Simple steps to better sleep fact sheet

Do you feel fatigued during times of the day when you used to have energy? Do you feel like you need that midday coffee in order to make it through the entire workday?

Many people get tired around 3 p.m. every day and jokingly say that they need caffeine to get themselves going. Why does that happen? More than likely you are not getting adequate sleep each night.

Sleep is important

Sleep is an integral, and arguably the most important, part of the Big Three – eating healthfully, exercising, and getting enough sleep. Adequate sleep can also lower your risk for certain diseases such as diabetes and heart disease, just to name a couple. It is important to realize that being fatigued is NOT normal and can be a sign of other conditions such as sleep apnea.

Are you eating healthy and exercising? You may be missing the third piece of that puzzle – sleep. Sleep is necessary for healthy functioning and can also help regulate mood and improve learning and memory function. Getting the right amount of sleep will also help with maintaining a healthy weight and energy levels. So why is sleep the one thing that people think they can “live without” or do “when they die?” If you feel like you are doing all you can to get a full night’s sleep, discuss your symptoms with your physician to ensure that you cover all your bases.

Tips to get a full night's sleep

Maintain a regular bedtime and wakeup schedule

If you maintain a regular schedule, even on the weekends, it will help you get better sleep.

Create a sleep environment that is relaxing, dark, and cool

Your bedroom should be your sleep oasis and be free from distractions.

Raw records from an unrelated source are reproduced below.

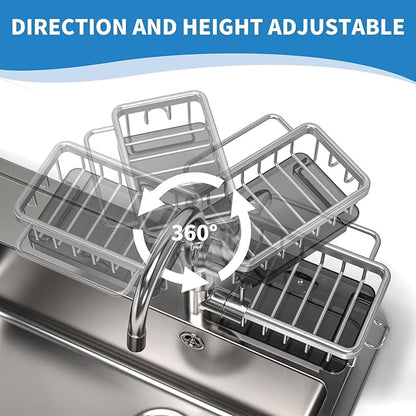🔥🔥Kitchen Sink Faucet Organizer💦
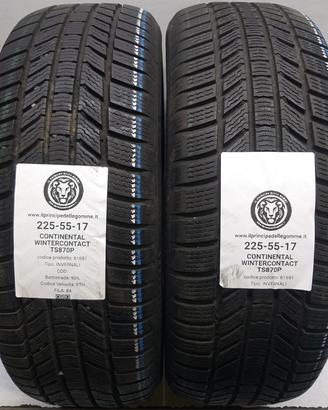 2 GOMME 225 55 17 CONTINENTAL A61691
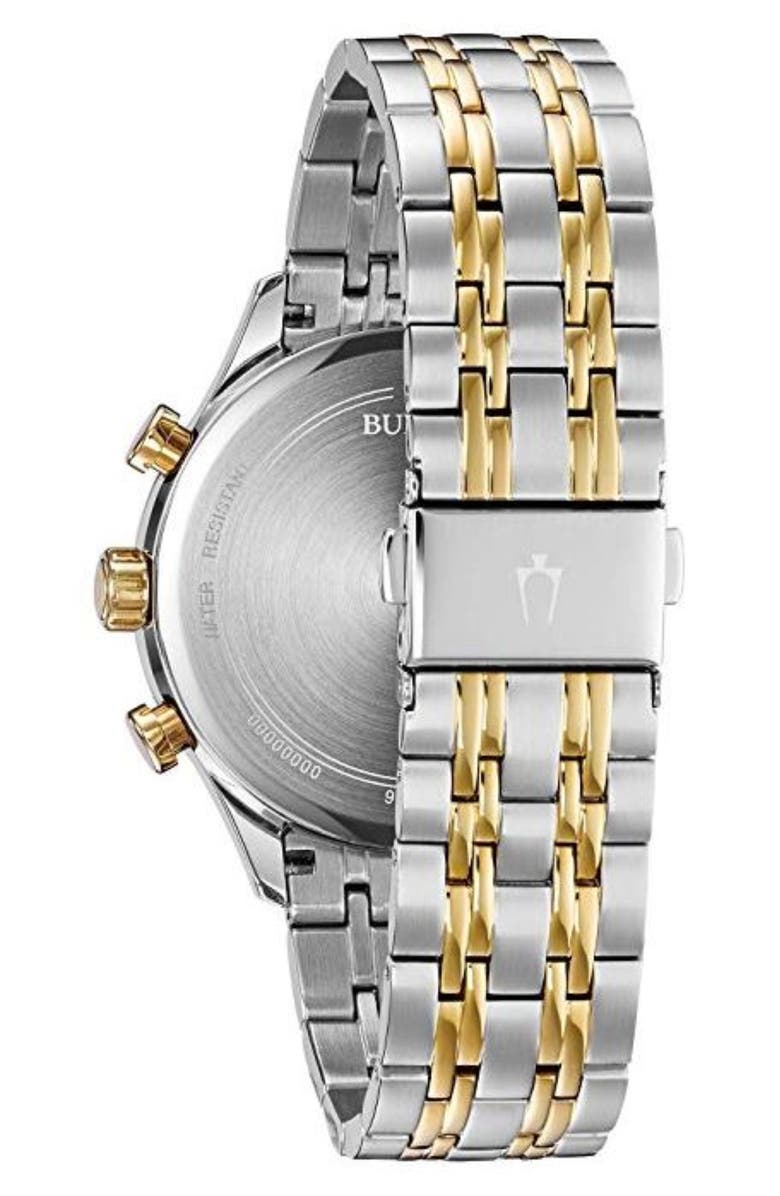 BULOVA Two-Tone Stainless Steel Quartz Bracelet Watch, 42mm, Alternate, color, 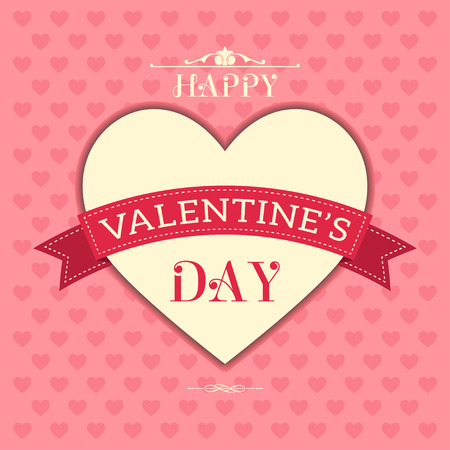 Happy valentines dayのイラスト素材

A dark space keeps unnecessary light out of your eyes which causes you to wake up. Your body also drops in temperature as you sleep, so keeping your room cool will help with your sleep cycle.

Avoid caffeine, nicotine, and alcohol close to bedtime

All of these substances will disturb your sleep schedule. Avoid caffeine and nicotine for at least 3-5 hours before bed. Alcohol, which people usually think of as a sedative, actually disrupts sleep by causing nighttime awakenings. Consuming less alcohol will help you to sleep better.

Establish a relaxing bedtime routine

Whether this be soaking in a bathtub, listening to soothing music, or reading a book, a routine that will slowly lull you into sleep will help you to feel more well rested and less fatigued.